Why You Need To Hash Passwords

Whenever verifying a user or something similar with a password, you must never store the password in plaintext. If an attacker finds a database of plaintext passwords, they can easily be used in combination with matching emails to login to the associated site/account and even used to attempt to log into other accounts since a lot of people use the same password.

A common method used today is to hash passwords when a password is provided. It is recommended to use a salt when hashing and store the salt with the hashed password.

Why Not Use SHA-256 or Something Similar?

Secure Hash Algorithms are one-way functions, that is, once plaintext is hashed, we cannot get the plaintext from the hash. This is good because it keeps the password hidden and allows for simple verification by hashing a password provided by the user and comparing it to the stored hash of the actual password.

Unfortunately, hashing algorithms like SHA-256 are very quick to compute, meaning many combinations of strings can be calculated at a high speed to try and match a particular hash. If an attacker has gotten hold of password hashes that were hashed with something like SHA-256, they could try to generate every password possible and hash these to find a match for the password hashes; this is called brute-forcing.

While today this is not very practical due to the search space for most passwords, a smaller subset approach can be taken called a dictionary attack. In plain terms, this is where a file/database is previously constructed containing possible passwords that are better guesses than generating every possible password. Another tactic to matching hashes is using rainbow tables, which takes a more grouped approach on randomly generating passwords.

Hashing Passwords With pbkdf2_hmac

One deference to these matching methods is to use a slower hashing method. Using a slower hashing method will mean that it takes longer to compute many hashes in a specific period, thus making it unrealistic to find matches in our lifetime.

PBKDF2 is a key derivation function where the user can set the computational cost; this aims to slow down the calculation of the key to making it more impractical to brute force. In usage terms, it takes a password, salt and a number of iterations to produce a certain key length which can also be compared to a hash as it is also a one-way function.

With iterations set to a large number, the algorithm takes longer to calculate the result. This is completely fine for someone that only needs to make one or a couple of attempts at checking if a password is correct, however trying billions will take a very long time.

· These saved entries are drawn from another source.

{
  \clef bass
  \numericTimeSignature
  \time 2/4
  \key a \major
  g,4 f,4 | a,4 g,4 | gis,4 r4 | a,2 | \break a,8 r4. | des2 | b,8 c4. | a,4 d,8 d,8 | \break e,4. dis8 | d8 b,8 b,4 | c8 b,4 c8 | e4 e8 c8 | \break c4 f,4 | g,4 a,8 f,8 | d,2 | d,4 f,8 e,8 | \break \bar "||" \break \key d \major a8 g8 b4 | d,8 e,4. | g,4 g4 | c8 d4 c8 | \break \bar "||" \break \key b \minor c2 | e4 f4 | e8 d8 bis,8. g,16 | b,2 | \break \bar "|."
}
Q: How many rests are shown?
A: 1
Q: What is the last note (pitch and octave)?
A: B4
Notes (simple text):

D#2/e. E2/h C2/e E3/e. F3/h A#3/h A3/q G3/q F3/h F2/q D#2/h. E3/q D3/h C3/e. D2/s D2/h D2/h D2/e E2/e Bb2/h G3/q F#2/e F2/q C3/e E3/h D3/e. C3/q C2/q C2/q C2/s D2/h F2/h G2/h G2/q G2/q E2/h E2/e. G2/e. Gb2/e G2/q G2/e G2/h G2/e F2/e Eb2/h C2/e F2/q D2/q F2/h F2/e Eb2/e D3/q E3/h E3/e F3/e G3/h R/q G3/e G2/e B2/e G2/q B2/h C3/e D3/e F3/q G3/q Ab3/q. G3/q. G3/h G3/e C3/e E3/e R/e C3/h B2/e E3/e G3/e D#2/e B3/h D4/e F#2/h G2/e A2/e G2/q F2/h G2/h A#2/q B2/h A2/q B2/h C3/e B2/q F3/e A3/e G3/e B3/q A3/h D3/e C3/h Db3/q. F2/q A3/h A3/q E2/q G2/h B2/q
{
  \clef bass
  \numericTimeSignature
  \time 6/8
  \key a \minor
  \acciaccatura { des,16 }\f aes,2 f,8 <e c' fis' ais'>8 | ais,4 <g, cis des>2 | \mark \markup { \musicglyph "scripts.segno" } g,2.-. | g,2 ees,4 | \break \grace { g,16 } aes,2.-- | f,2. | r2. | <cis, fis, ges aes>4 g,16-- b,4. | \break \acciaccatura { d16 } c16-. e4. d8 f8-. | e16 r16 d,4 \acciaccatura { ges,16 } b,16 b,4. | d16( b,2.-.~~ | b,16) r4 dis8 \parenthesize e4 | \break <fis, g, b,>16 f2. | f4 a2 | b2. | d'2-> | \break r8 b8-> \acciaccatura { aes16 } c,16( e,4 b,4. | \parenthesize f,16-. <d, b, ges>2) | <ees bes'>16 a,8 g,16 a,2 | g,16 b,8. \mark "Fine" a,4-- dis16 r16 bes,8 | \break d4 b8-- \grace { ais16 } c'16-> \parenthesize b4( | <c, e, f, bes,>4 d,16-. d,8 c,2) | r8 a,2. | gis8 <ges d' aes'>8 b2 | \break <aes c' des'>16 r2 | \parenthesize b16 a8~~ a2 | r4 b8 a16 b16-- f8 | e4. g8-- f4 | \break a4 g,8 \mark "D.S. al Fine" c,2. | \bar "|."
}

Please note that using this method does not stop brute force / dictionary attacks or the use of rainbow tables, it simply makes these methods more computationally difficult.

PBKDF2_HMAC is an implementation of the PBKDF2 key derivation function using HMAC as pseudorandom function. pbkdf2_hmac can be found in the hashlib library (which comes with Python) and is in Python 3.4 and above. pbkdf2_hmac takes five parameters:

  • hash_name: hash digest algorithm for HMAC
  • password: the password being turned into the key
  • salt: a randomly generated salt
  • iterations: iterations in the calculation (higher means more computation required)
  • dklen: length of the output key (not required)

Generating a Salt

Before generating the key using pbkdf2_hmac, you need to generate a random salt. Salts make the search space larger in the case of brute-forcing and adds difficulty for rainbow tables; using a salt only requires you to do a little more work and store an extra random byte sequence.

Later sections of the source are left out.